The average total cost for ABLE compares favorably to other programs and costs associated with hospitalization or treatment for injurious falls (Jutkowitz et al., 2009). Including equipment, therapist time, and training, the cost was $941.88 per participant.
Translation
Characteristics of the ABLE trial heighten its translational potential. Criteria for study inclusion were broad; the sample included close to 50% white and African American older adults, which suggests it is generally applicable across these populations. ABLE used a flexible visit schedule; session number and length of visit was based on participants needs, reflecting the real-world reimbursement and service delivery environment.
Nevertheless, moving ABLE from randomized trial to practice setting (Figure 1) is challenging. First, ABLE requires delivery by OTs trained in its protocols. While OTs (and PTs) have the requisite knowledge-base (person-environment fit) and skills (activity analysis, environmental redesign), to implement ABLE, two training days are required to learn assessments, the client-centered approach, and integration of ABLE into traditional care models. A related point is that the need to use OTs may be challenging for some settings or geographic areas in the USA due to cost for personnel and workforce shortages.
A second challenge is that the USA lacks an adequate infrastructures to support referrals and payment for preventive services such as ABLE (Bodenheimer, 2008; Mongan, Ferris, and Lee, 2008). Nevertheless, within current healthcare systems, ABLE may be reimbursable under Medicare Part B with physician prescription, if a home safety or functional concern exists, in keeping with Centers for Medicare & Medicaid Services guidelines.

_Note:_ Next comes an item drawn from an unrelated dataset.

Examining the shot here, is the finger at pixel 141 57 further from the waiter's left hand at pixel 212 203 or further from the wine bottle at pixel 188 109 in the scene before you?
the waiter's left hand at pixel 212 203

A third challenge is time required to tailor written strategies. Therapists review assessment outcomes and, using lay language, summarize assessment results and recommended strategies in written action plans. While tailoring is critical to program success, it is labor-intensive and potentially costly. Another challenge is lack of funding for home modifications as they often are out-of-pocket expenses.
Next Steps
We are currently addressing these challenges in translation of ABLE for delivery in a continuing care retirement community that qualifies for Medicare Part B reimbursement. To meet reimbursement requirements, we modified ABLE by: a) refining and embedding assessments in traditional OT evaluation and treatment; b) shortening session length (90 to 60 minutes) and increasing sessions per week so that dose/intensity is similar to original trial but meets Medicare delivery structure; c) expanding the role of the OT to include balance testing and fall recovery training with referral to PTs if warranted; and d) developing written strategies for common problems (bathing, leisure) to minimize therapist time creating action plans.

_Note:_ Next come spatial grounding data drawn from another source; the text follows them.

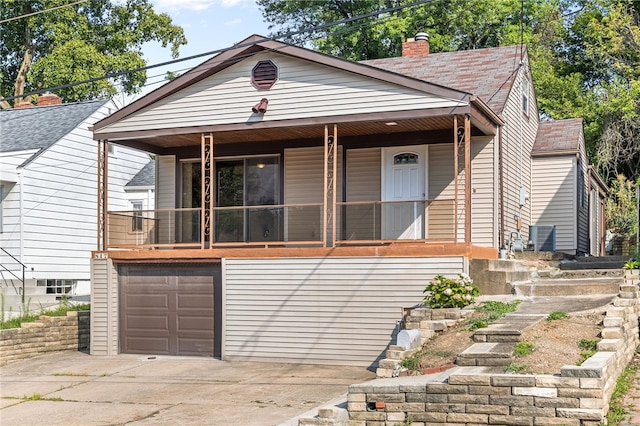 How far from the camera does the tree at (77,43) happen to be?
34.2m

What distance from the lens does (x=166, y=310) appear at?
17297 mm

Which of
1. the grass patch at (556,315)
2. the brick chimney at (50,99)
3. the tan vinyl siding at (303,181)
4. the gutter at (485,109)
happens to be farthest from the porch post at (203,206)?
the brick chimney at (50,99)

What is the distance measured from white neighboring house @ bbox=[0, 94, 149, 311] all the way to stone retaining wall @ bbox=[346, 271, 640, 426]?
13427 millimetres

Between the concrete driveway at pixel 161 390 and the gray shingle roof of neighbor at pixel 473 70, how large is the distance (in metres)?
7.17

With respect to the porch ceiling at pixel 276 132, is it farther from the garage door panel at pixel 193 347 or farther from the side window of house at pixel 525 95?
the side window of house at pixel 525 95

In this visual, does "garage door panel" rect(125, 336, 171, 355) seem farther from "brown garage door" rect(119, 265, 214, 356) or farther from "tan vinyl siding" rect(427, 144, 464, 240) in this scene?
"tan vinyl siding" rect(427, 144, 464, 240)

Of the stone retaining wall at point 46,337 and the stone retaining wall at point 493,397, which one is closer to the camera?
the stone retaining wall at point 493,397

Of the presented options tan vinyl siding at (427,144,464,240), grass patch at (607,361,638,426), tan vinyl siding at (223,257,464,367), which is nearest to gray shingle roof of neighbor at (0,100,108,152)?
tan vinyl siding at (223,257,464,367)

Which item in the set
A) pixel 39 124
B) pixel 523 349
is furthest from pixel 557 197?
pixel 39 124

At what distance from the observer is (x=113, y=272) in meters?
17.7

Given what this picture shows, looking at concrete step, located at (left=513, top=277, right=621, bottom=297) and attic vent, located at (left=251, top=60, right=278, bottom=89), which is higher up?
attic vent, located at (left=251, top=60, right=278, bottom=89)

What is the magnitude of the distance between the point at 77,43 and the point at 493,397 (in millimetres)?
29454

The next steps (Figure 1) involve implementing ABLE on a larger scale and sustaining it as standard care. Challenges include scaling up training, roll-out procedures, and monitoring structures for fidelity and program effectiveness.
In summary, ABLE is low-cost, offsets functional difficulties, and reduces mortality. It should be considered standard care in homecare, independent living, Medicaid Waiver, and aging long-term care services. Moving ABLE into standard care requires additional steps beyond the randomized trial which present methodological challenges driven by practice setting, workforce and payment exigencies.
Acknowledgments
Research reported in this paper was supported in part by funds from the National Institute on Aging (Grant #R01 AG13687) and the Erickson Foundation. Clinical Trials ID# NCT00249925.